Action item —
Your answer must be only the lines below from the one containing "Snorkelling Magnetic Island" through the one containing "斑马百科 5. évad Ep.11 11. epizód", copied exactly, with the pictures left out.
___ Data for review
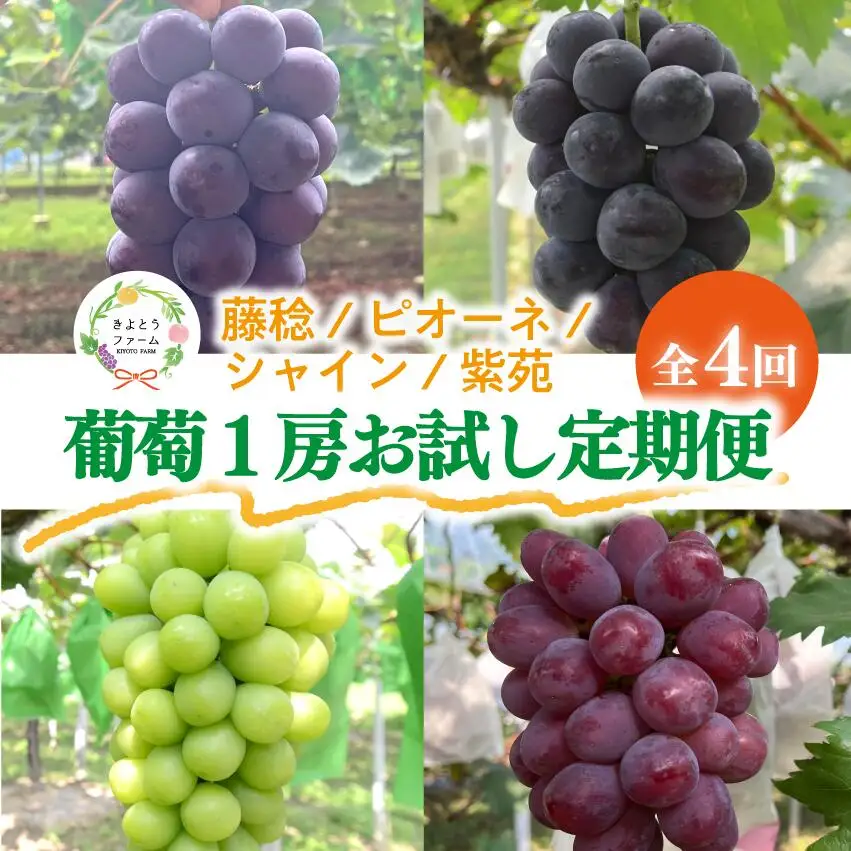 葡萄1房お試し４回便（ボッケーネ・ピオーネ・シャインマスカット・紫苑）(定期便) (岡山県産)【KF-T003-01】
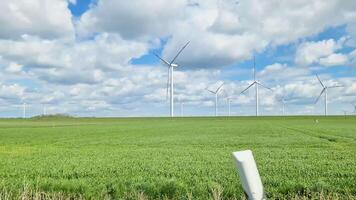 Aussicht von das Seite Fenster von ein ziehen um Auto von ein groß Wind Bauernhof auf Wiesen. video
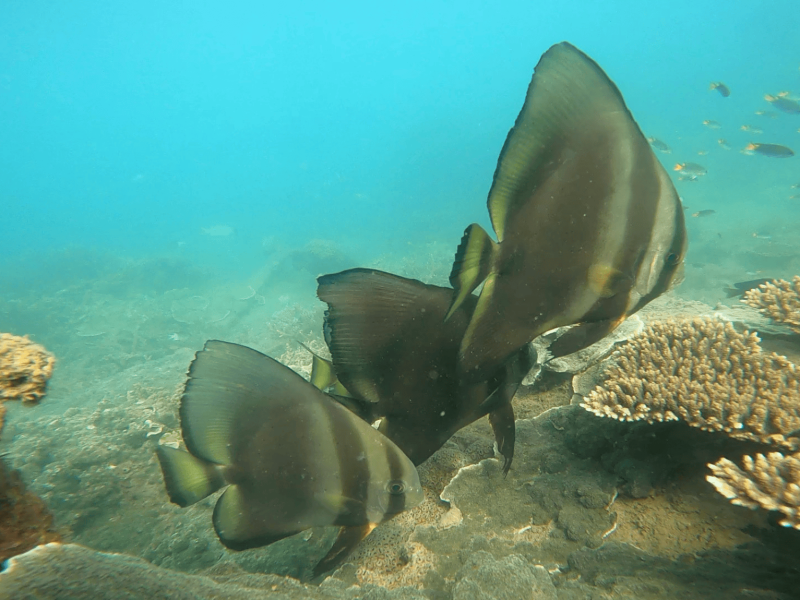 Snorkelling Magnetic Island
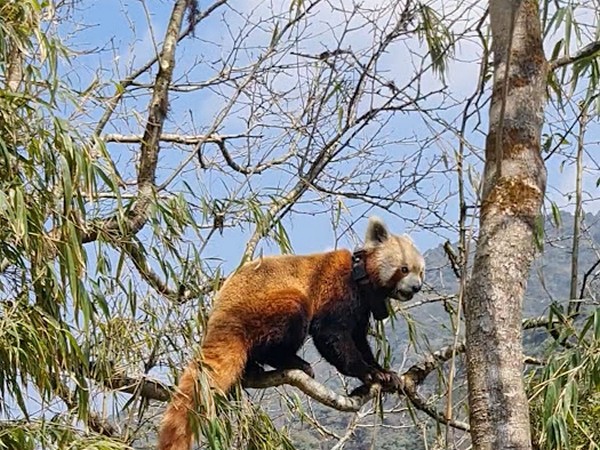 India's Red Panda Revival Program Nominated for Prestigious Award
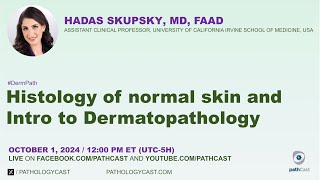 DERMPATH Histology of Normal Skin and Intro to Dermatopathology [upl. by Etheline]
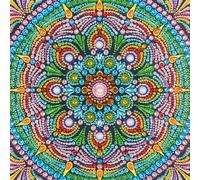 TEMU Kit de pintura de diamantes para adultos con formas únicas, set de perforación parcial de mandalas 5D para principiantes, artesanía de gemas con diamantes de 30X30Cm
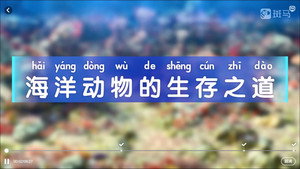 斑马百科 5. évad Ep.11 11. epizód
______
___ Data for review
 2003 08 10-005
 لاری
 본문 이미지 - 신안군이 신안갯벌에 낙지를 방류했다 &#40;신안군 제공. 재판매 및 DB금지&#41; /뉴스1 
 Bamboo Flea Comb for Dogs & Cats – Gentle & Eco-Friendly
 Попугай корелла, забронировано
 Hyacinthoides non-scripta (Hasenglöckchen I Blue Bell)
______
___ Data for review
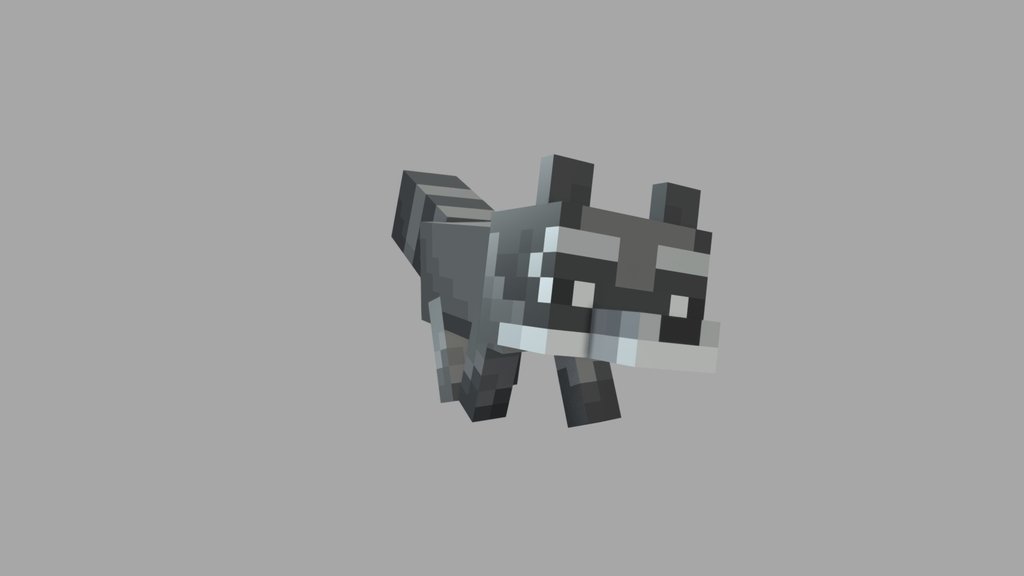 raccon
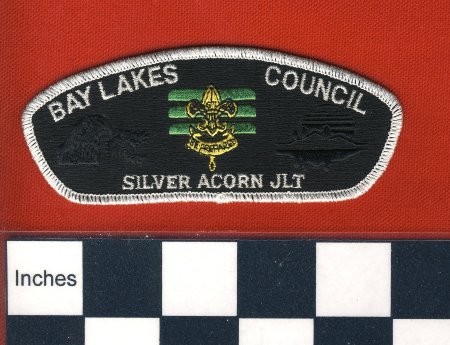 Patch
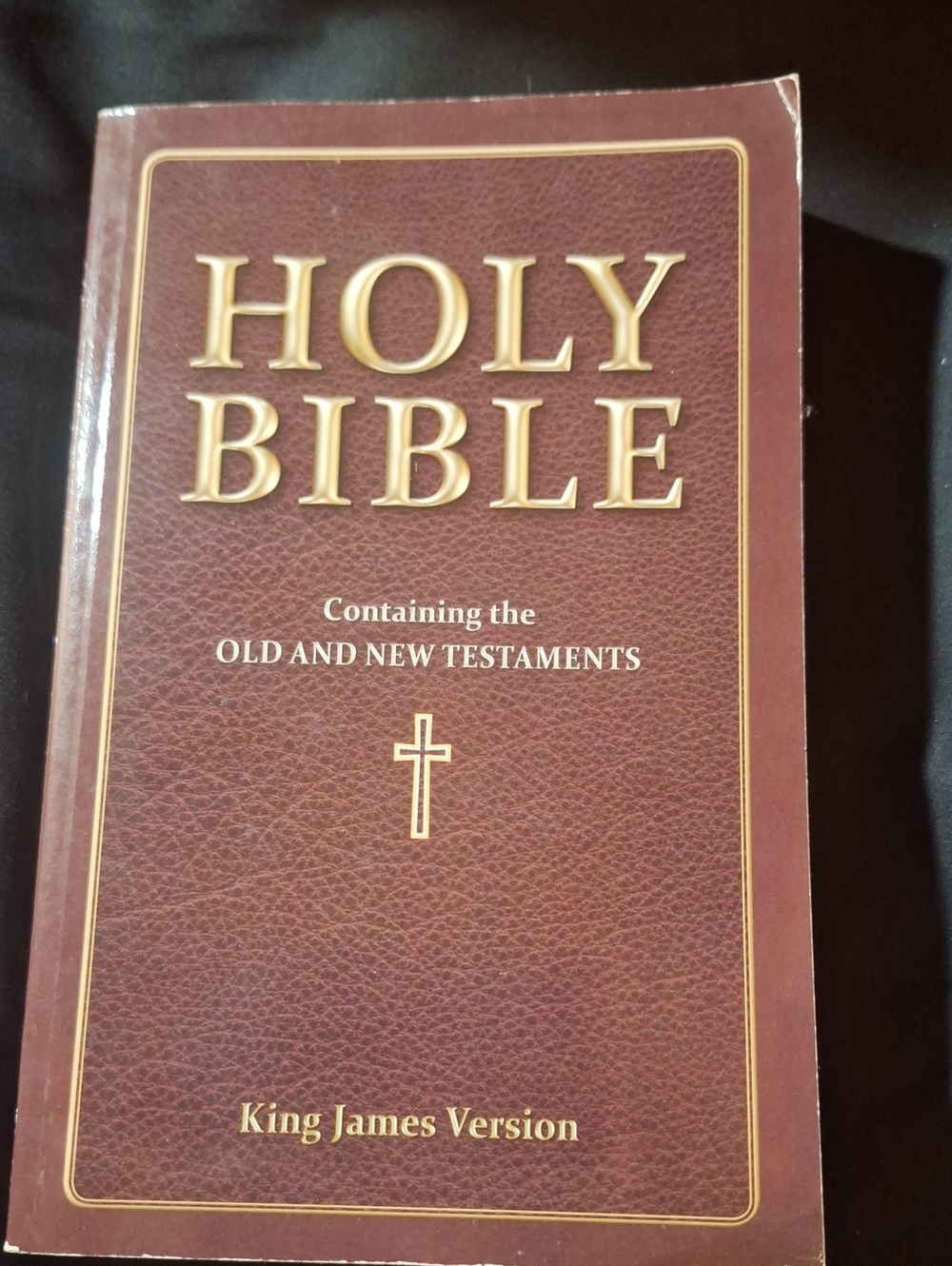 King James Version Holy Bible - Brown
______
Written answer —
 Snorkelling Magnetic Island
 India's Red Panda Revival Program Nominated for Prestigious Award
 DERMPATH Histology of Normal Skin and Intro to Dermatopathology [upl. by Etheline]
 TEMU Kit de pintura de diamantes para adultos con formas únicas, set de perforación parcial de mandalas 5D para principiantes, artesanía de gemas con diamantes de 30X30Cm
 斑马百科 5. évad Ep.11 11. epizód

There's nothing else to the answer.